F4A

A website to help explain fair machine learning. See this video for a brief overview and demonstration:

Setup Instructions

(Please note, these instructions are a work in progress.)

Prerequisites

Python >= 3.5 (Assumed environment: Anaconda)
Postgres

Setup

Stage 1: Prerequisites

Ensure you have Python 3.5 or greater installed

Recommended: Install Anaconda, it includes almost all the packages necessary for F4A to run.
Optional between step, set up a virtual environment
Use "pip install -r requirements.txt" or "conda install --file requirements.txt" to install all other necessary packages

Download and install Postgres 13

Set up your username and password
Load your username/password into the database.ini file
If necessary, modify the database name to the name of your choosing (recommended - "F4A")

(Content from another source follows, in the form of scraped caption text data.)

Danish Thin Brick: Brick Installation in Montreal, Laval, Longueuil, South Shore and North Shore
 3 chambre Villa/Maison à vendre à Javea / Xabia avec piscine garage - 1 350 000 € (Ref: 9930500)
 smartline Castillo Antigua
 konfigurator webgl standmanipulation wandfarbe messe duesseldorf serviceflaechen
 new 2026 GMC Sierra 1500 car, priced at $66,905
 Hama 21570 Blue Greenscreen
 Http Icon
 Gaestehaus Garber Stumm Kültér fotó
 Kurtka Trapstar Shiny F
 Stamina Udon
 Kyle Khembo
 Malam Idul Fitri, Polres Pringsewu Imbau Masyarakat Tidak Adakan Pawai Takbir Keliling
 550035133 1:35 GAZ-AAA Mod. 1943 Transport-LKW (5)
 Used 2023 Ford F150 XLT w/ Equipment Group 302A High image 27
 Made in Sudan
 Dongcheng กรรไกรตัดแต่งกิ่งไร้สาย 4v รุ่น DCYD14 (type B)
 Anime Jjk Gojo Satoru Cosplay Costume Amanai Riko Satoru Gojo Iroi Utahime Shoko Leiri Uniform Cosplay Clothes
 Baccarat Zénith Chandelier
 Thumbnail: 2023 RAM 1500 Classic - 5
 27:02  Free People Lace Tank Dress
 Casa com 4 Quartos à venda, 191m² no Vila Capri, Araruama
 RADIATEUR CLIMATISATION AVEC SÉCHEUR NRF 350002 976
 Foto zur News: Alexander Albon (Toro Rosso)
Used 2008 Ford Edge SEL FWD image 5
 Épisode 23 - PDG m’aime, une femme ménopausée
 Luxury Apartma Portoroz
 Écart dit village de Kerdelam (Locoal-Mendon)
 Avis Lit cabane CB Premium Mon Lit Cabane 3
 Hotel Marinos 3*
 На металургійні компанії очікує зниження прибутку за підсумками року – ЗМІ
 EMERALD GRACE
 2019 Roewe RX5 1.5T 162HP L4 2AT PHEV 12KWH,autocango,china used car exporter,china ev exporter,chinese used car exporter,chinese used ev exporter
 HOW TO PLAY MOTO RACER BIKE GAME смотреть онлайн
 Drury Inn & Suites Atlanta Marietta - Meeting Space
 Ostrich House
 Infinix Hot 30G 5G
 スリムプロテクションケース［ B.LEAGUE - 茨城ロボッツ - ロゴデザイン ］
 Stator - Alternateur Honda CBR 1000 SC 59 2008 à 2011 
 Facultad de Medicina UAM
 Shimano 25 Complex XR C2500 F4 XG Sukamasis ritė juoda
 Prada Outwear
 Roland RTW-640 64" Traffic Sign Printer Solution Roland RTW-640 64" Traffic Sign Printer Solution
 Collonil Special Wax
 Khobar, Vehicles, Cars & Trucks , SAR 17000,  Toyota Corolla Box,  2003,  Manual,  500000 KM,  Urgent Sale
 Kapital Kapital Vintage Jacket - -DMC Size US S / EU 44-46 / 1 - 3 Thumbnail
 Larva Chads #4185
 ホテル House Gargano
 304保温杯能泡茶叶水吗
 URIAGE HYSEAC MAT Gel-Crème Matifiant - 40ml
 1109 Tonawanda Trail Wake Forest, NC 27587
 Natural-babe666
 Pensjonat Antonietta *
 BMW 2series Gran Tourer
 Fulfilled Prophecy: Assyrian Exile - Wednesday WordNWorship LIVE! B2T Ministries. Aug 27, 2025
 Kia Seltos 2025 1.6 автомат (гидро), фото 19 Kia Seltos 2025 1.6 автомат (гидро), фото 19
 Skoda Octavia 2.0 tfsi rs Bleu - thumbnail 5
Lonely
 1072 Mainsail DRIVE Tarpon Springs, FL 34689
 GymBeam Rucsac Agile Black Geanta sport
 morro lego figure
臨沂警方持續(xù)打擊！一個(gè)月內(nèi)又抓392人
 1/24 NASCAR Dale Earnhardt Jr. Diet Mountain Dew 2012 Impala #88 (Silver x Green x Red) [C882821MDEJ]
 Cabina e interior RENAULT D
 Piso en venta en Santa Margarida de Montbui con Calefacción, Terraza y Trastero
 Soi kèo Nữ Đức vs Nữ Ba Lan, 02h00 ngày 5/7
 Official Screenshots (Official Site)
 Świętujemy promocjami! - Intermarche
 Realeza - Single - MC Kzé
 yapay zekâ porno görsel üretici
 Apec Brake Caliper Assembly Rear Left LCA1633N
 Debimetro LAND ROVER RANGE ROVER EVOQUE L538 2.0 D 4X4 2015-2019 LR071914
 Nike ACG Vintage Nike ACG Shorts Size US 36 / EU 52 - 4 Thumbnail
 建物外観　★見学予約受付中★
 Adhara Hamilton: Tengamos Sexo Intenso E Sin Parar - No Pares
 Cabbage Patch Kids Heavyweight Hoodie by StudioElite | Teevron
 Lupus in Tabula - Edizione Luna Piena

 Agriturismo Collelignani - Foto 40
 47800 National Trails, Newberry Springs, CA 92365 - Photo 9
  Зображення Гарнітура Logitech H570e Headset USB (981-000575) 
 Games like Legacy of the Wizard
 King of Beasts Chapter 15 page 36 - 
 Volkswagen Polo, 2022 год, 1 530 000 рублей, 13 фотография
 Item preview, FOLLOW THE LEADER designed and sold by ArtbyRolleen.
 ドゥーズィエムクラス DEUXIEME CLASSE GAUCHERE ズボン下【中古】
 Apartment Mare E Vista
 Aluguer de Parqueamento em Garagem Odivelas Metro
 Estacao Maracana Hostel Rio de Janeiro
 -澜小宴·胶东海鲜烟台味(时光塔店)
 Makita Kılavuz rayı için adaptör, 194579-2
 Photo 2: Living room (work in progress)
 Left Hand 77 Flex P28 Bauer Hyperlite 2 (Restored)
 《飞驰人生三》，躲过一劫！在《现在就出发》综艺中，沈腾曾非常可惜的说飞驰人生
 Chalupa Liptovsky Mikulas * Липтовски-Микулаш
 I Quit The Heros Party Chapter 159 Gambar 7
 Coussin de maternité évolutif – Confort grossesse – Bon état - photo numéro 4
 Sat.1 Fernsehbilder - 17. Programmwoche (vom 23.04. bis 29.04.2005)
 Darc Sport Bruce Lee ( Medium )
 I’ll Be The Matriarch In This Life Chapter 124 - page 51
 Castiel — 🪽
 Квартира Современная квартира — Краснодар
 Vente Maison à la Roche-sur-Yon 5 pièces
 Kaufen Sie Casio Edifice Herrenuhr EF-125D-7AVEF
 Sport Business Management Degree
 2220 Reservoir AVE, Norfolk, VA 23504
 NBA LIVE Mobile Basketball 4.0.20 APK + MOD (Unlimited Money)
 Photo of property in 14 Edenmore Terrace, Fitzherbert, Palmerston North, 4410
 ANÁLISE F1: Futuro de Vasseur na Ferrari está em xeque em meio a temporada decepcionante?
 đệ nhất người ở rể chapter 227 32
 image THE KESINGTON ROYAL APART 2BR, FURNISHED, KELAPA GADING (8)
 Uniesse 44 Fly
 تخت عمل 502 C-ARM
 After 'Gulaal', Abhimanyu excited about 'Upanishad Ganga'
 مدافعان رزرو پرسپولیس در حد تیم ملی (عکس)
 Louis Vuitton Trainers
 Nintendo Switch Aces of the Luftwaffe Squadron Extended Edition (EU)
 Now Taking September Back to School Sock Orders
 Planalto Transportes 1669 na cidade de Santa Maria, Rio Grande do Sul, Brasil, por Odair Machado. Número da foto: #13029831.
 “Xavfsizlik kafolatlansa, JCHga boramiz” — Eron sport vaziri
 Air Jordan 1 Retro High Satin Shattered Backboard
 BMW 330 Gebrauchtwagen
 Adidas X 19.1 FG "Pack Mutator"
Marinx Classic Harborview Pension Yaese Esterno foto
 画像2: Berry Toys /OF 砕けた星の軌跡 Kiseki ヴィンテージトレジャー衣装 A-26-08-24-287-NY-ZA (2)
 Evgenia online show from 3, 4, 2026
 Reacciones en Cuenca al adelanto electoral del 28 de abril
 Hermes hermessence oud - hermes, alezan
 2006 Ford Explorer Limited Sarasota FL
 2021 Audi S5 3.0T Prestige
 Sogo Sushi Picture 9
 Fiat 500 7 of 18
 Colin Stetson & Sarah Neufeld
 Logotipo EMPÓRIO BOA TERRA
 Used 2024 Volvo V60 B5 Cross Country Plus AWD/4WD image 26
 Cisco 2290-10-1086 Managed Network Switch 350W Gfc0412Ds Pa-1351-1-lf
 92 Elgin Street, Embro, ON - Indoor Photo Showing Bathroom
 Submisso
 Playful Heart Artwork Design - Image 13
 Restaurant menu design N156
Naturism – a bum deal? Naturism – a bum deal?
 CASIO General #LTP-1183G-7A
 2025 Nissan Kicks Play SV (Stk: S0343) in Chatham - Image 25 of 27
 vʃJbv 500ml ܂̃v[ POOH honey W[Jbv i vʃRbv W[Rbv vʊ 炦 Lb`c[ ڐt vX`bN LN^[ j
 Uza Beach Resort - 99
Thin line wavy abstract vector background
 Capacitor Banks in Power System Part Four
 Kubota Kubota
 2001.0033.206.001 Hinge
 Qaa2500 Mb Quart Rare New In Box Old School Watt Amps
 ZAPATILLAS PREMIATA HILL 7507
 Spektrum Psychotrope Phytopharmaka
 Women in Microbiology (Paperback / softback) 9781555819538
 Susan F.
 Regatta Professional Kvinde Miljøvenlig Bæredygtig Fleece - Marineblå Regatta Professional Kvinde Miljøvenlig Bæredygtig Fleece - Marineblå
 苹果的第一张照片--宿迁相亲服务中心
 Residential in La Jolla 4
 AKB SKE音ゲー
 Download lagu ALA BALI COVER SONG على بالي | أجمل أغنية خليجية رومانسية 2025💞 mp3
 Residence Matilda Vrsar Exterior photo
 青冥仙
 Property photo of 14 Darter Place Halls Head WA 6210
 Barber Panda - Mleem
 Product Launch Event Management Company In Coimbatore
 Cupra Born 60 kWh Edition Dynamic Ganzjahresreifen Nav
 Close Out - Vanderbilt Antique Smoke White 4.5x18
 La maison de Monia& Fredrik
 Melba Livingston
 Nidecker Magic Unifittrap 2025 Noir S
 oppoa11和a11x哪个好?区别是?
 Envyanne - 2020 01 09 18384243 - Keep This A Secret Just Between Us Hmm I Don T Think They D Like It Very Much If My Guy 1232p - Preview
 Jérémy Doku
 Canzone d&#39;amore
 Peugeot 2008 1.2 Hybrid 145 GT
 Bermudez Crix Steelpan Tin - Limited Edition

Ensure that your Python 3.5+ install is being used (whether it be globally via PATH variable or activated virtual environment) by opening Python in a command prompt. Ensure the Python version at the top is correct.

Stage 2: Project Setup

1.) Clone this repository, or download the code into a single folder.

2.) Download necessary packages for frontend and put them into the "static/" folder.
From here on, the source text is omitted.